Bu ve benzeri açıklamalar, hükümetin kadınlara yönelik istihdam politikalarına, toplumsal cinsiyet perspektifi dikkate alınarak düzenlendiği müjdelenen yaptırım ve hükümlerde, bu akıldan uzaklaşmadığını göstermektedir. “Tekadamcı,” “otoriter” muhafazakârlık kadın bedenini kontrol politikaları ve pratikleriyle sürekli yeniden üretilmektedir. Biz de tam da bu nedenle taleplerimizi öncekinden daha güçlü haykırmanın gerekli olduğunun farkındayız. Hamile kaldığı için işten atılan, süt izni kullanılmasına izin verilmeyen, kreşleri açmayan, esnek ve güvencesiz çalışmayı tek yol gibi gösteren istihdam politikasında kadınların; eşlerinin ‘eğer varsa’ otomobiline binmekten çok daha önemli sorunları var.

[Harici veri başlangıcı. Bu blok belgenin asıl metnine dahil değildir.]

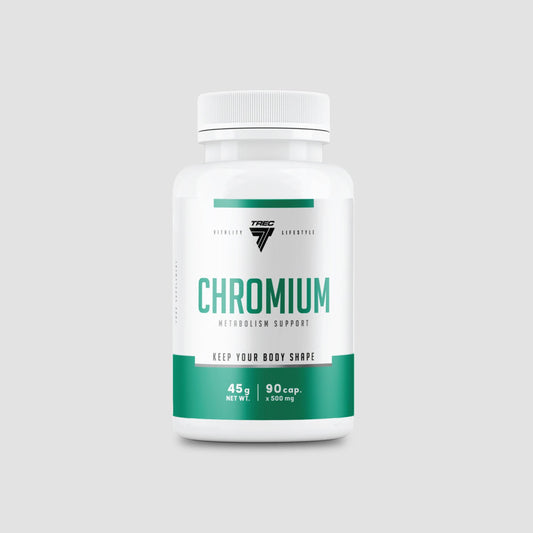 Chromium | 90 caps - QIMIA NUTRITION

Kamu emekçisi örgütlü kadınlar olarak, kadını aşağılayan, kadın bedenini kendi denetiminde gören bu zihniyeti ve dili kınıyoruz. Bu söylemi ifade eden kadar, yayılmasına aracı olan TRT de bu ayrımcılığa ortak olmuştur. Bu açıklamada kadın bedeni doğrudan bir objeye indirgenmiş ve kamusal alanda kadının görünürlüğünden duyulan rahatsızlık alenen dile getirilmiştir. KESK’li kadınlar olarak, kadın bedenini kontrol etmeye cüret gösterenleri ve buna aracılık edenleri kınıyoruz. Bu türden bir dil ve bu tür düşüncelere zemin vermek, kadına yönelik ayrımcılığın ortadan kaldırılması konusundaki isteksizliğin bir göstergesidir.
KESK’li kadınlar olarak, kadını, kadın kimliğini yok saymaya kalkışanlara, kadın hakkında kadına sormadan karar vermeye cüret edenlere karşı sesimizi yükseltiyoruz;
TÜM KADIN HALLERİMİZLE HER YERDEYİZ!